From the data underneath, reproduce exactly the stretch that begins at the line with "image 4 of 8" and ends after the line with "vidaXL Awning White".
···
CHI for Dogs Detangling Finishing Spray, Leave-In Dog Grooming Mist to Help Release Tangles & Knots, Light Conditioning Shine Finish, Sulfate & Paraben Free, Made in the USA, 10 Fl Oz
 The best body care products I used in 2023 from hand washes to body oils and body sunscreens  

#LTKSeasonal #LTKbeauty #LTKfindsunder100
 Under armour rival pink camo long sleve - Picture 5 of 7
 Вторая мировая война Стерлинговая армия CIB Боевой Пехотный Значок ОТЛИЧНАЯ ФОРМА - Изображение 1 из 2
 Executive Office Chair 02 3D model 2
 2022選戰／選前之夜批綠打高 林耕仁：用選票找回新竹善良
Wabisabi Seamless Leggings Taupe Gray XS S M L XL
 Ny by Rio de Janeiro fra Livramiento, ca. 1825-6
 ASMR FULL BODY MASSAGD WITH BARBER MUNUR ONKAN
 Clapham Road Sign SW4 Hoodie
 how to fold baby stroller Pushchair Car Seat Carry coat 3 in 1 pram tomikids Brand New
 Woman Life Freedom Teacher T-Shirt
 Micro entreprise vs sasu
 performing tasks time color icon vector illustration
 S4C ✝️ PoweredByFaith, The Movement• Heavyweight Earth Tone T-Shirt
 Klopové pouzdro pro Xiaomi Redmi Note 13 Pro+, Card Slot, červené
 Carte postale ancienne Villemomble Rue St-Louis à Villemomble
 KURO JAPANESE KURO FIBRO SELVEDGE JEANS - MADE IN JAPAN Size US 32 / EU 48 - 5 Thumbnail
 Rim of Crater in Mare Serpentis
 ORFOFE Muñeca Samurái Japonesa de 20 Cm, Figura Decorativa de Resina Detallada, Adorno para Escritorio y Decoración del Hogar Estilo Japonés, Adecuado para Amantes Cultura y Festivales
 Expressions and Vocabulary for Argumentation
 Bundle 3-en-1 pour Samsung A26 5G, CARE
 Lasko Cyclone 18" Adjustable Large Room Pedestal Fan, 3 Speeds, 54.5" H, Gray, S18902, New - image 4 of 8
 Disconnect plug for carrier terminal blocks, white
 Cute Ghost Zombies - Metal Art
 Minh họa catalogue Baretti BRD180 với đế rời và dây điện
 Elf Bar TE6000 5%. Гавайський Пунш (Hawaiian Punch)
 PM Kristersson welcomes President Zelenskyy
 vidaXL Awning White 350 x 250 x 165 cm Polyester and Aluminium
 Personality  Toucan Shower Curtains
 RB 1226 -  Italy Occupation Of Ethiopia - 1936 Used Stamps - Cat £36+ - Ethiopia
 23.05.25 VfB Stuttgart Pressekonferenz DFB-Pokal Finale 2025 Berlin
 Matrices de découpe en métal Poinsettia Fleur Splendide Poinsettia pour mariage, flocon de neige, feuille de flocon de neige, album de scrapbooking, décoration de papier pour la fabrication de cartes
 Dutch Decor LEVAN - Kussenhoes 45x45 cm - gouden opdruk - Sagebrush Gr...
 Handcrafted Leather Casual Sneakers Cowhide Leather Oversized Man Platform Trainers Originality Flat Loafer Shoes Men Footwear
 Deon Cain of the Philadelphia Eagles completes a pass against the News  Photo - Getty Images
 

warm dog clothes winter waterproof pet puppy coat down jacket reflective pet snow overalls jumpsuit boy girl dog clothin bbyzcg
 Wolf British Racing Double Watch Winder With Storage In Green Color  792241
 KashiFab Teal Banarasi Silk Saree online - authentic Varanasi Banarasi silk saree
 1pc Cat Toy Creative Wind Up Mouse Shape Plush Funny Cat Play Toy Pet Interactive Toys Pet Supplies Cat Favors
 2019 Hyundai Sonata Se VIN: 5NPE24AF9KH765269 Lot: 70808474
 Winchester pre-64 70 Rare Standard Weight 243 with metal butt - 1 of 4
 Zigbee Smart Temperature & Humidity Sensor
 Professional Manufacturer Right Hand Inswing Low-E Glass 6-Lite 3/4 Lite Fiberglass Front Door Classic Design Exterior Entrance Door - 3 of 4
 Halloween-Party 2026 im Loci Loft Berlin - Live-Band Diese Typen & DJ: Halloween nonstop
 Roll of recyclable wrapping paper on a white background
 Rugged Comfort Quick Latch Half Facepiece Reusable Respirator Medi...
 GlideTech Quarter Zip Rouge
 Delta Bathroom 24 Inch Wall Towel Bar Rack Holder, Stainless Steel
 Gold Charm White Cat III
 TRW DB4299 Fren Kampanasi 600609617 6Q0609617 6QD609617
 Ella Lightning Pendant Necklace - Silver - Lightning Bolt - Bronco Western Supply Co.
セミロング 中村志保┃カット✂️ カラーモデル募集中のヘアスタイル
···
• Final answer:
 Lasko Cyclone 18" Adjustable Large Room Pedestal Fan, 3 Speeds, 54.5" H, Gray, S18902, New - image 4 of 8
 Disconnect plug for carrier terminal blocks, white
 Cute Ghost Zombies - Metal Art
 Minh họa catalogue Baretti BRD180 với đế rời và dây điện
 Elf Bar TE6000 5%. Гавайський Пунш (Hawaiian Punch)
 PM Kristersson welcomes President Zelenskyy
 vidaXL Awning White 350 x 250 x 165 cm Polyester and Aluminium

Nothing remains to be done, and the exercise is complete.